Really? This sounds close to some people who say things like "I don't need a test suite, I personally run some tests every now and then on my machine."
Of course clearly that is not at all how you operate. Rather you are very sensible and strive to provide a good testsuite which strives to test as much stuff as possible. As it should be. Which is why I am surprised that you compare (a) "personally" checking against some unspecified "multiple versions of Mercurial" at an unspecified frequency with (b) automatically running a testsuite after each push against a specific set of Mercurial versions. Versions which were specifically selected to match what Ubuntu 11.10, 12.04 LTS and 12.10 resp. Debian Wheezy provide, as well as recent versions. See also <https://github.com/buchuki/gitifyhg/blob/master/.travis.yml>. I would like to also let this check with multiple git versions, but that requires collecting / making suitable .debs which I have not yet gotten around to.

Furthermore, you don't seem to document what versions of Mercurial are supposed to work / not work. (Indeed, as far as I can tell, remote-hg has no documentation whatsoever, another difference. Granted, the gitifyhg README is not particular great at this point, but at least it exists and tells people how to get started and where to get help).

In contrast, the gitifyhg README clearly states that it "requires at least Mercurial 1.9". And its setup.py refuses to install it if the Mercurial version is too old. Again, for us devs that's not very important, but for users, I think it is. In recent months, I had to provide assistance with using hg to tons of people (*sigh*), and old Mercurial versions came up in a considerable portion of those (perhaps 30-40% or so). 

> 
>> * Renaming a gitifyhg remote just works [5]. Doing that with remote-hg triggers a re-clone of the remote repository (if it works at all, I don't remember).
> 
> Yeah, now you can change the alias of the remote, but you can't change
> the remote url.

That's simply wrong. You still can change the remote URL, it will just lead to the creation of a fresh separate local clone.

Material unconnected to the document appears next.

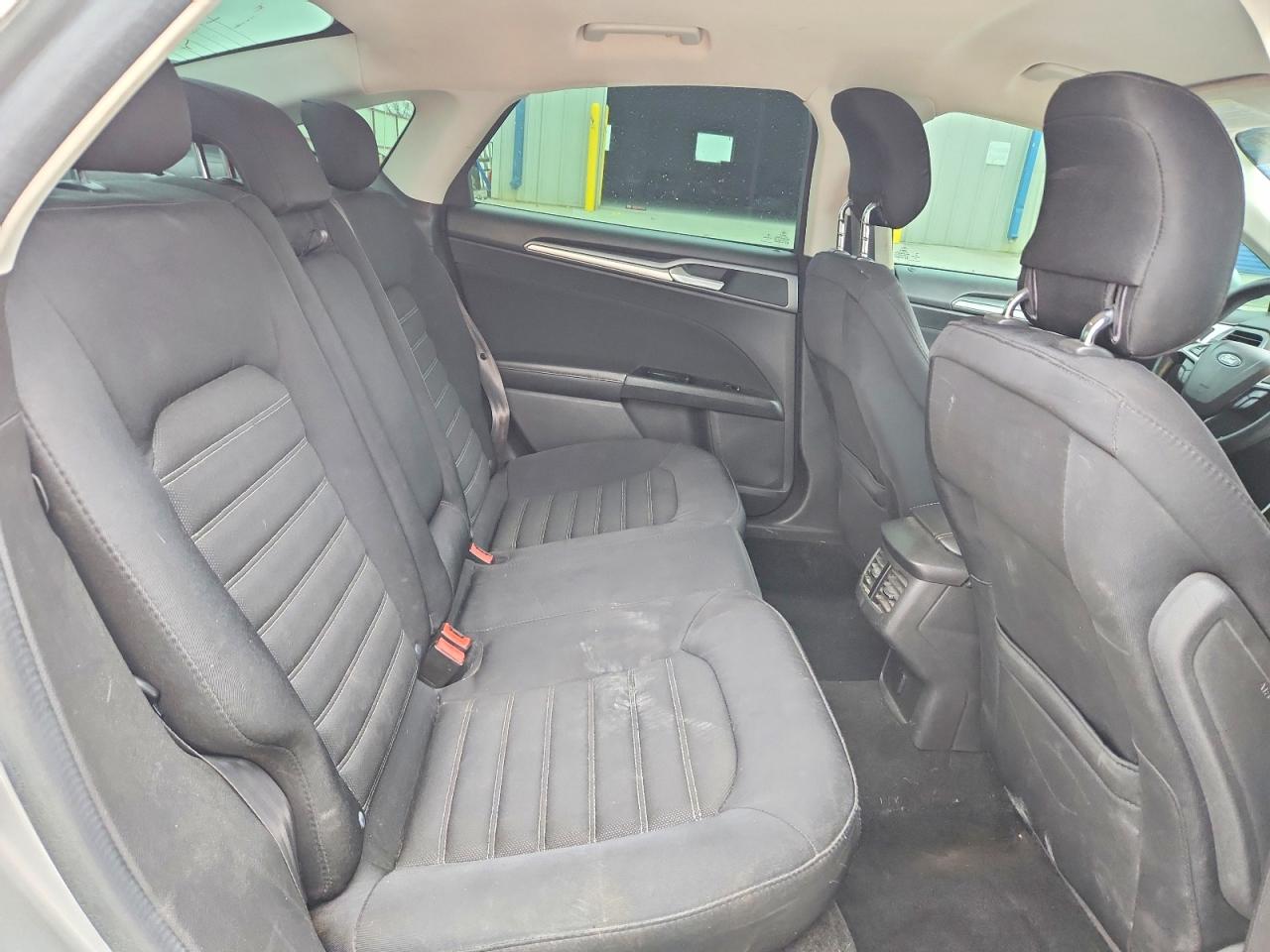 2015 FORD FUSION SE photo 28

In contrast, with remote-hg, renaming the remote will create a fresh local clone, while changing the remote URL will *not* do that -- instead, the changes from the new remote will be pulled into the existing local clone. Which in some cases may be exactly what you want (e.g. if a repository just moved to a different remote URL). But in other cases, it won't be, namely when the repository at the new URL contains different content. This is not that unlikely when you consider that it comment Mercurial workflow to use separate repositories for different branches.

> This is not really an advantage, simply an almost
> imperceptible different choice.

These are indeed different design choices, but at least to me, they are very much perceptible :-). And we made this design choice quite consciously, after looking at how it is done in remote-hg, and not liking that.

Anyway: At least in my day-to-day operations, I occasionally rename a remote (very rare, but it happens). So far I never had to change a remote URL. Of course that is just me, perhaps others occasionally (well, more of than me :-) have to change remote URLs. But as I said, that's still possible in gitifyhg.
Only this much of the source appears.